I'm uncomfortably excited and pleased with a piece that I recently finished. The composition, materials, and the overall tone of the finished product all converged on an unexpected sweet spot for me.
Admittedly, a lot of the work I prefer to do is hard to look at. This piece feels a bit more easy on the eyes, yet has something to say, yet also isn't heavy handed in getting that done. And, I liked doing it. Dare I say a triumph? Or at least a triumph on a smaller scale...like a 5th-graders-end-of-the-year pizza party?
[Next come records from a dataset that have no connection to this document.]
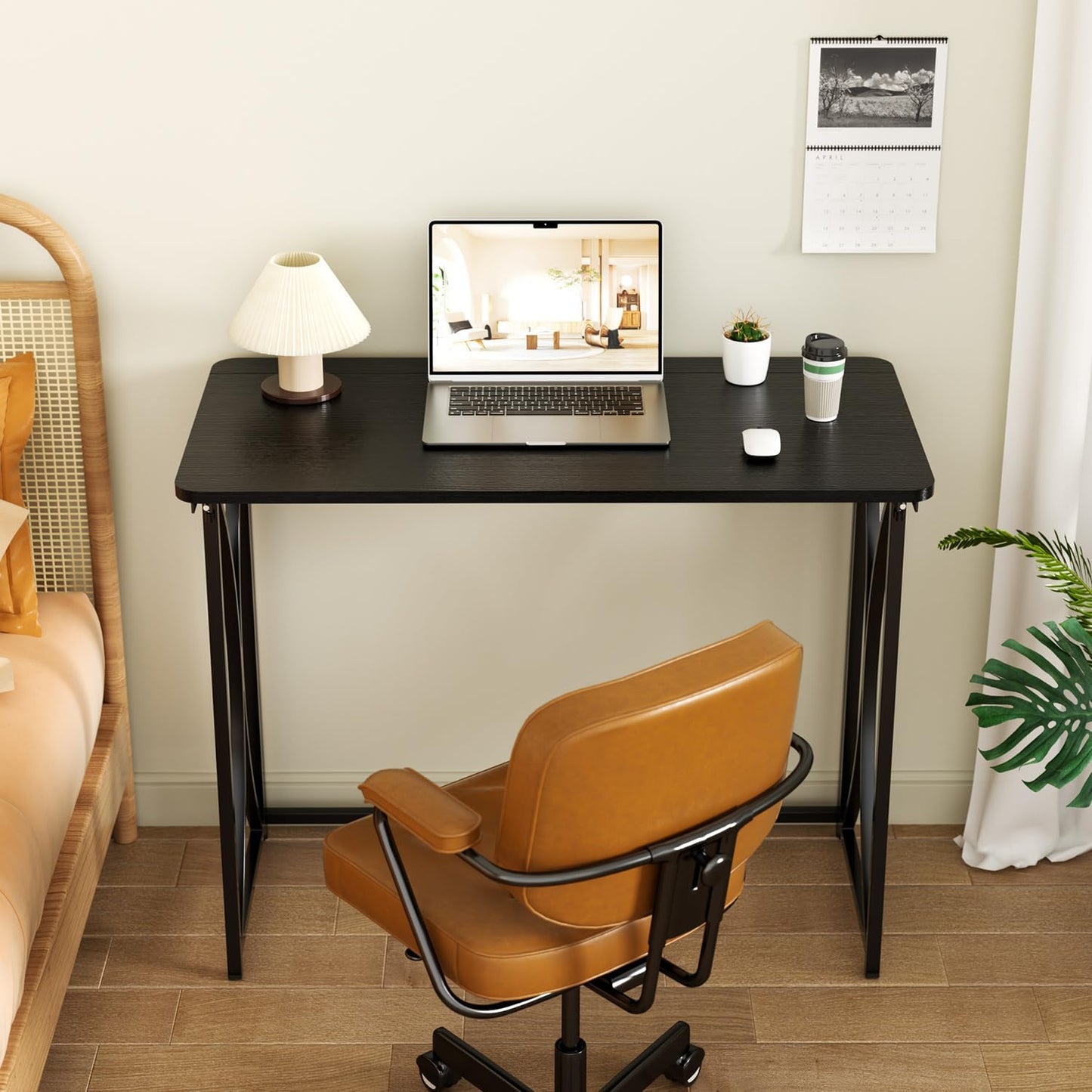 Folding Desk, 31.5" Small Desk for Bedroom, Space Saving Foldable Computer Desk for Home Office, Easy Assembly, Black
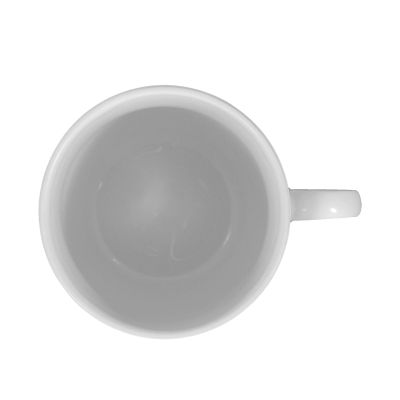 Draufsicht: Becher in Weiß. Erkennbar: hoch, zylindrisch und mit rundem Henkel.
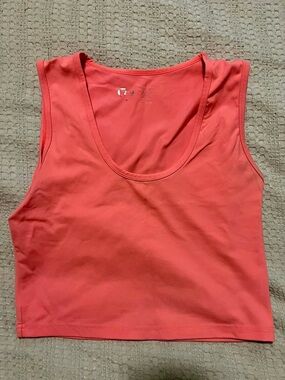 Coral Scoop Neck Cropped Tank Top
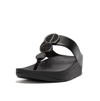 Fitflop Women's Halo Bead-circle Metallic Toe-post Sandals In Pewter Black
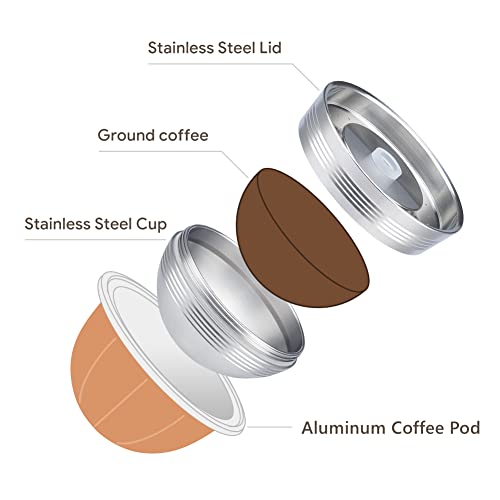 Stainless Steel Vertuo Next Reusable Pod+Empty Refillable Alumium Coffee Pods-80+150+230Ml Each 6 Pcs + 1Pcs Coffee Capsule Tamper For Reusable Nes Presso Vertuo Next Pods #TOP1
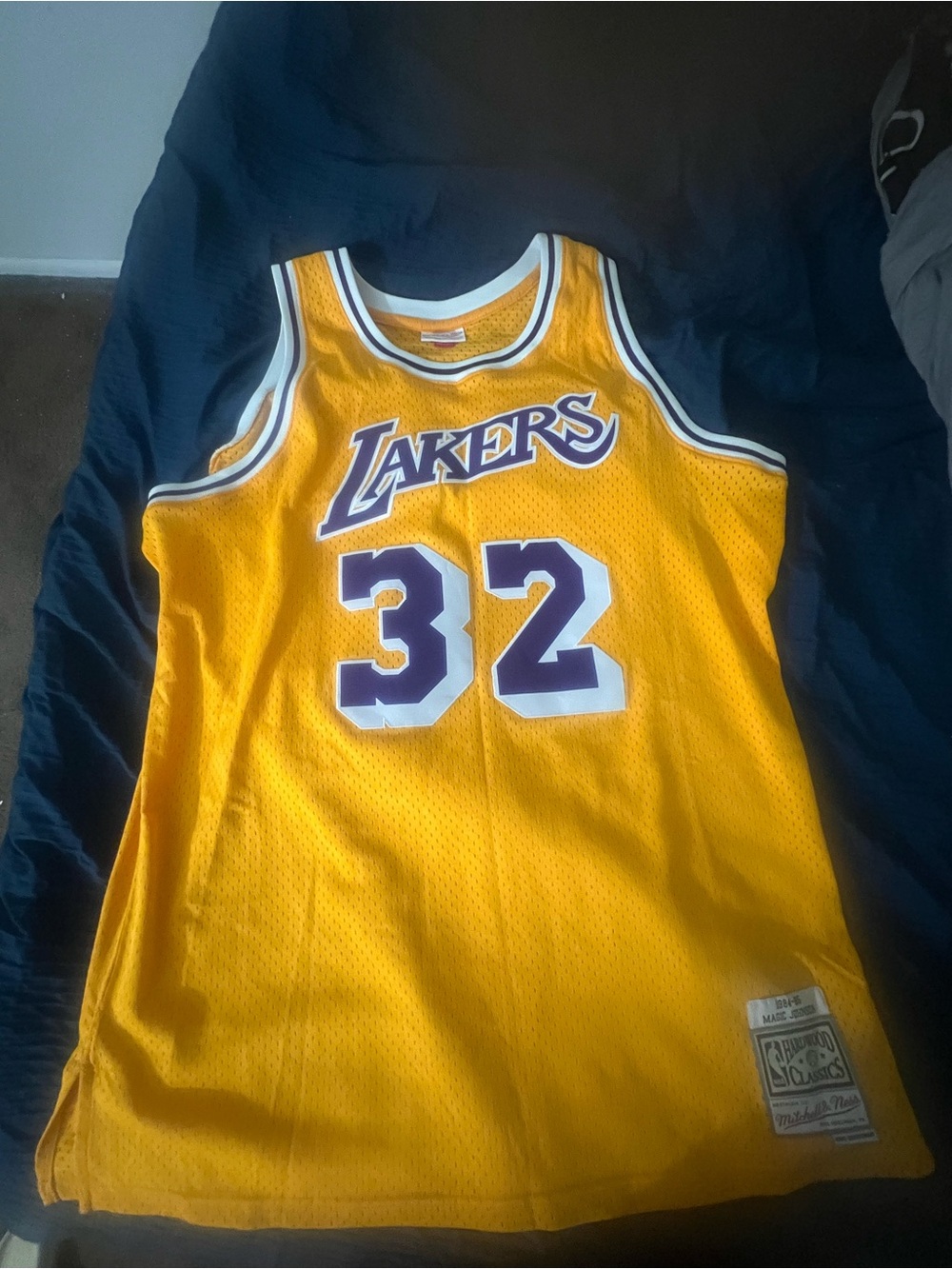 Mitchell & Ness Yellow and White Mesh Jersey Collar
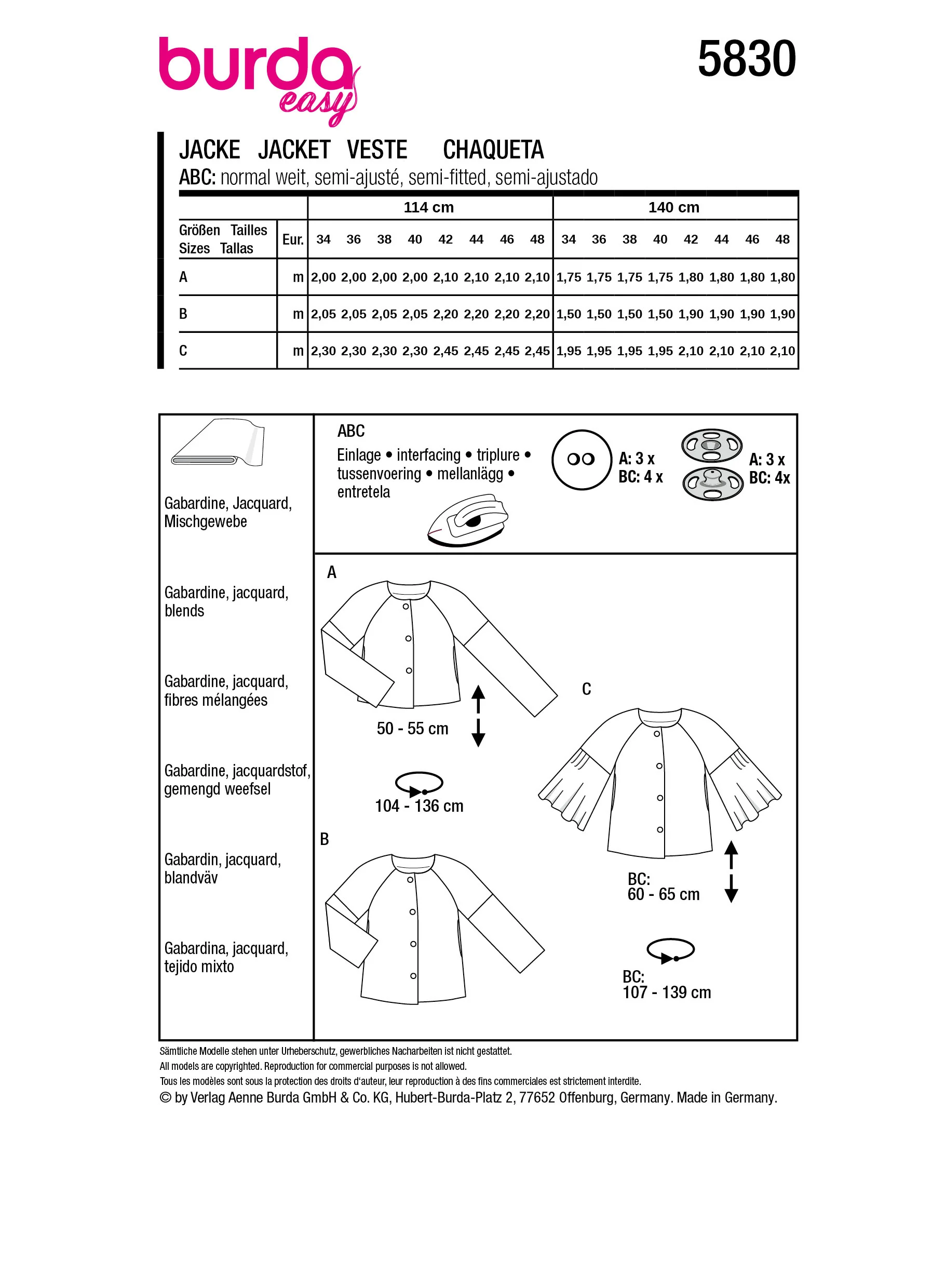 Patron Burda n°5830 : Veste - Image 9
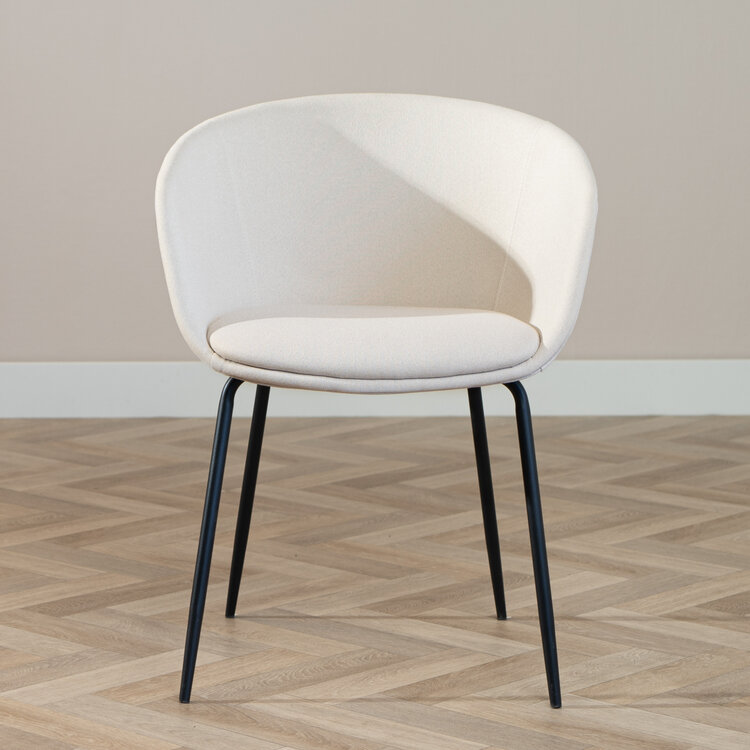 Scandinavische eetkamerstoel Ole off white gerecyclede stof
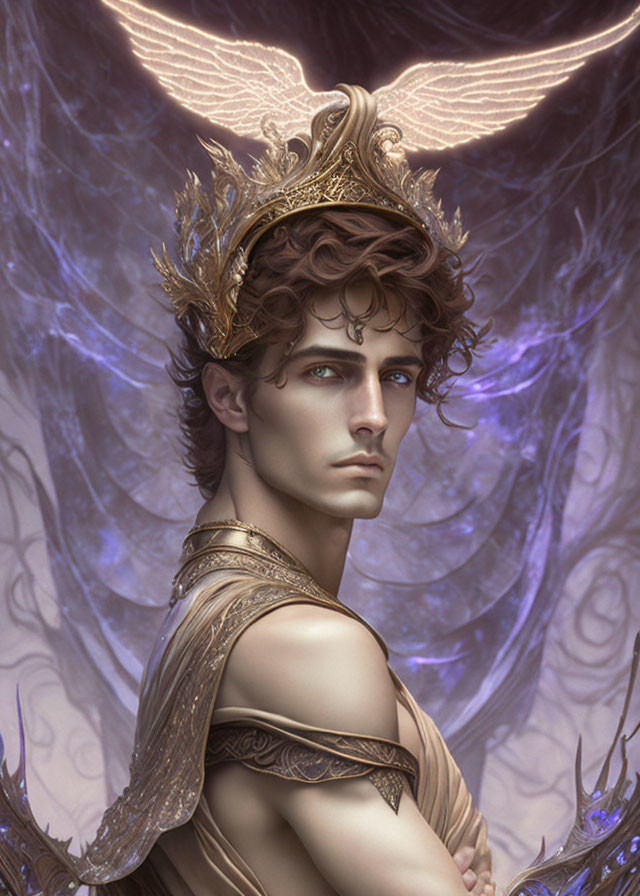 Male Figure with Angelic Wings & Golden Crown in Ornate Armor on Swirling Purple Background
Pammela Springfield, at Cannibals Gallery, had a vision for a Day of the Dead show for the month of October. I started working on
Elisha Didn't Get to Say Goodbye with that in mind. Actually, I had been wrestling with a completely different idea, of showing a Elisha in tears, staring at the empty robe laying on the road left behind by Elijah, who moments before was caught up in a fiery chariot. I couldn't really wrap my creative skull around that...seemed like it might be better expressed through cgi/special effects...but then that might have some ObiWan Kenobi connotations that I don't want. One morning, before the concerns of the day crept in, I had a eureka moment of seeing the trees expressing this event instead. For me, a tree uprooted and flying up into the air seems somehow more improbable, than your average everyday rapture. The trees can convey a human figure, and grouped together, or alone, they can provide a tone of companionship or solitude. And that literal motion of being uprooted poses some deep connotative territory for further exploration.
I find that my non-art life has been competing all the more defiantly for my attention, so it is a real gift to be excited about my creative work. This motivation and pleasure with my work is probably exactly what I need to carry me through until things calm back down in the other realms.